I'm not sure this is a good fix for the general case, but at least in our case it reduces the rendering time for these problematic documents to seconds.

liZe commented 5 years ago

Hoi, we had a similar performance issue with documents that accidentally contained lines which consisted of "words" about 100kB each.

That's a case that's not handled by our little shortcut here: https://github.com/Kozea/WeasyPrint/blob/840c4a6d923b5c9c97088f7acd1d30e1551cd789/weasyprint/text.py#L989-L998

This optimisation tries to render only the beginning of the text and checks that the line has been cut. If it's been cut, it means that we're OK with this first line and that we can keep it.
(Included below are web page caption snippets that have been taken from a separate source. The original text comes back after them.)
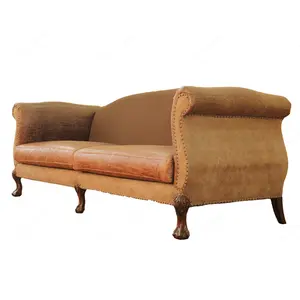 Sofá de sala de estar francês, sofá de madeira sólida com três lugares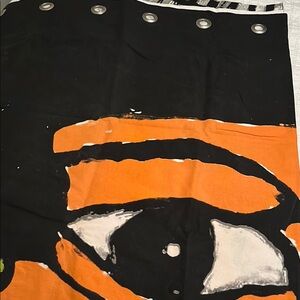CB2 Abstract Black and Orange Shower Curtain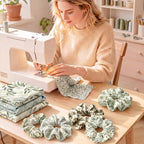 Tudomro 16 Pcs 10'' x 10'' Sage Green Quilting Fabric Square Greenery Floral - Image 6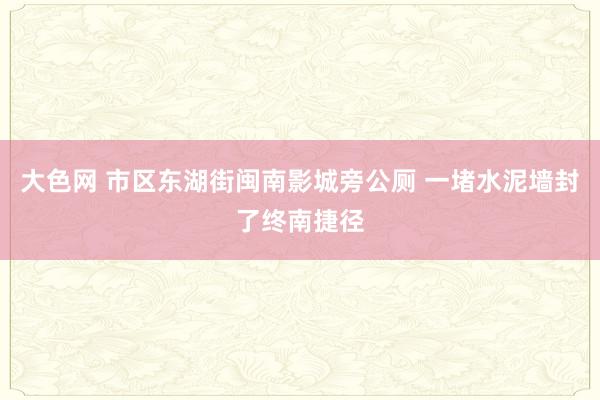 大色网 市区东湖街闽南影城旁公厕 一堵水泥墙封了终南捷径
If it's not cut, we cancel the optimisation and render the whole text instead.

It doesn't work for you because long words are never broken, so it renders the whole texts (minus the already rendered text) for each line.

I'm not sure this is a good fix for the general case, but at least in our case it reduces the rendering time for these problematic documents to seconds.

Unfortunately, it's not a good fix for everyone, for one major reason: you don't render the whole text, meaning that some text can be lost in the operation. For example, if your first line can handle more than (2.5 × font-size) characters, you'll lose the characters after this offset. And even if this lost text is displayed outside of the page boundaries, it has to be rendered as it is at least included in PDF metadata.

I agree that the split_first_line is the place that needs to be optimised, but I can't quite follow the algorithm so not sure which bit to tweak. It is clear that it expects words to be short.

The problem is that we're using Pango's high-level functions to find line cuts. These functions are known to be pretty slow, but they're useful to render whole paragraphs. What's ironic is that we never use it to render paragraphs, as it's too limited for our use case: Pango doesn't handle all the CSS features using its markup language.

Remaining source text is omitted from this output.